● **PROMPT**
Could you give back every entry below exactly, with the pictures dropped?

Short text fragments from websites:
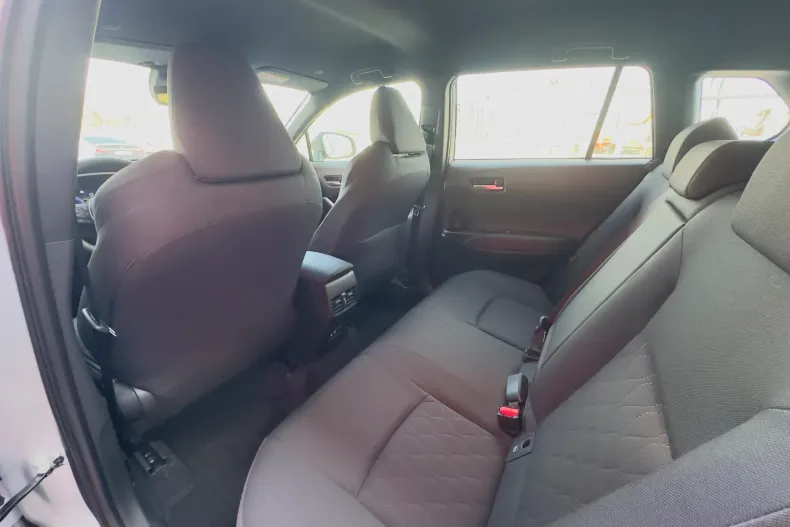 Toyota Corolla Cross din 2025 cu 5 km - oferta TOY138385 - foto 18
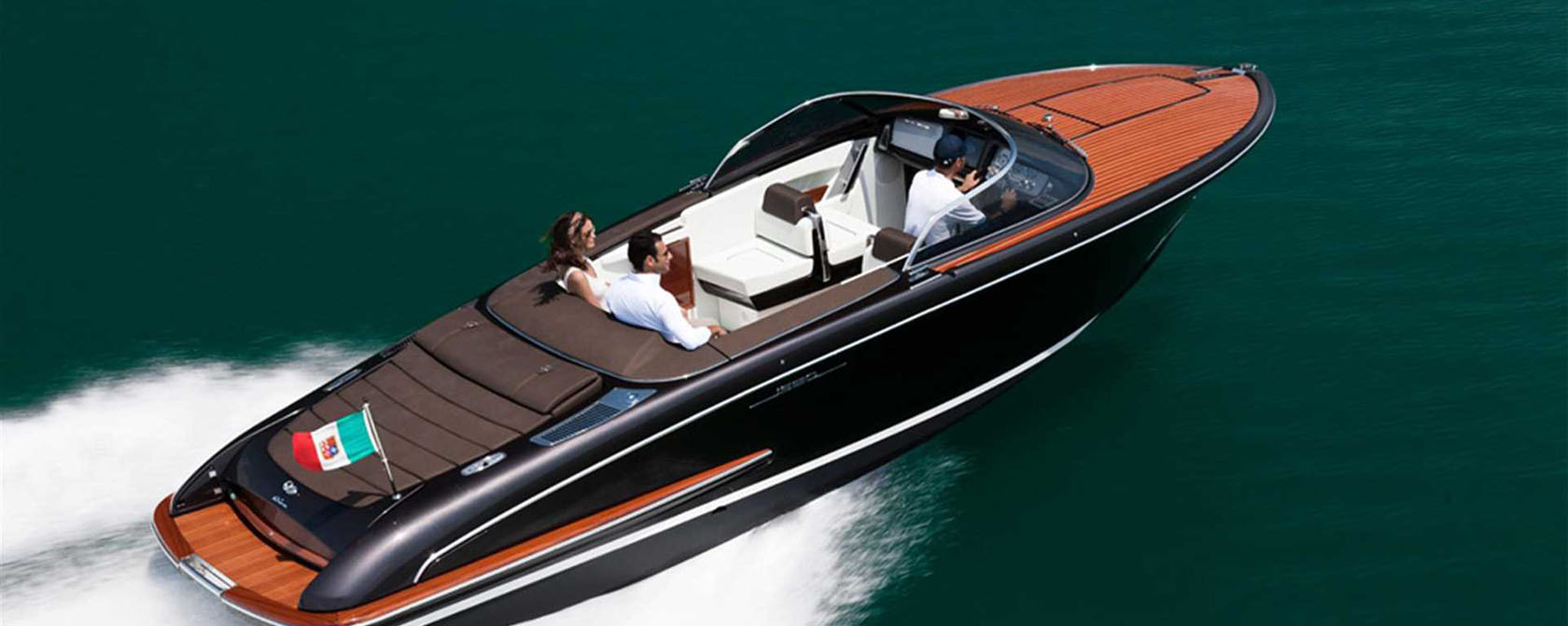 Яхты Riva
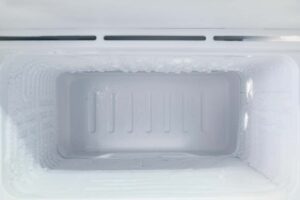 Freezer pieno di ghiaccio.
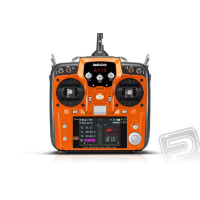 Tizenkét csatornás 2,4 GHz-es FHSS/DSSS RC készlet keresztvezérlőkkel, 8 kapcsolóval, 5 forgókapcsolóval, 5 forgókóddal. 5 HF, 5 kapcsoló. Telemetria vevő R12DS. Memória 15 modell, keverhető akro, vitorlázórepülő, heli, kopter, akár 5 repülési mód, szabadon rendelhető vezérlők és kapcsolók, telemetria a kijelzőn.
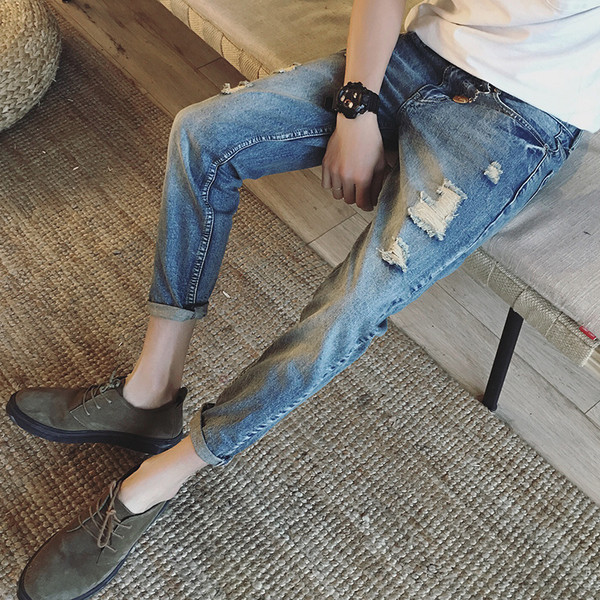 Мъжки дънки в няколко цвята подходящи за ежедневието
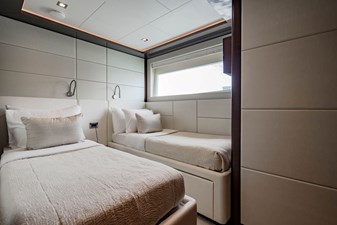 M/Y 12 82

● **WRITTEN RESPONSE**
 Toyota Corolla Cross din 2025 cu 5 km - oferta TOY138385 - foto 18
 Яхты Riva
 Freezer pieno di ghiaccio.
 Tizenkét csatornás 2,4 GHz-es FHSS/DSSS RC készlet keresztvezérlőkkel, 8 kapcsolóval, 5 forgókapcsolóval, 5 forgókóddal. 5 HF, 5 kapcsoló. Telemetria vevő R12DS. Memória 15 modell, keverhető akro, vitorlázórepülő, heli, kopter, akár 5 repülési mód, szabadon rendelhető vezérlők és kapcsolók, telemetria a kijelzőn.
 Мъжки дънки в няколко цвята подходящи за ежедневието
 M/Y 12 82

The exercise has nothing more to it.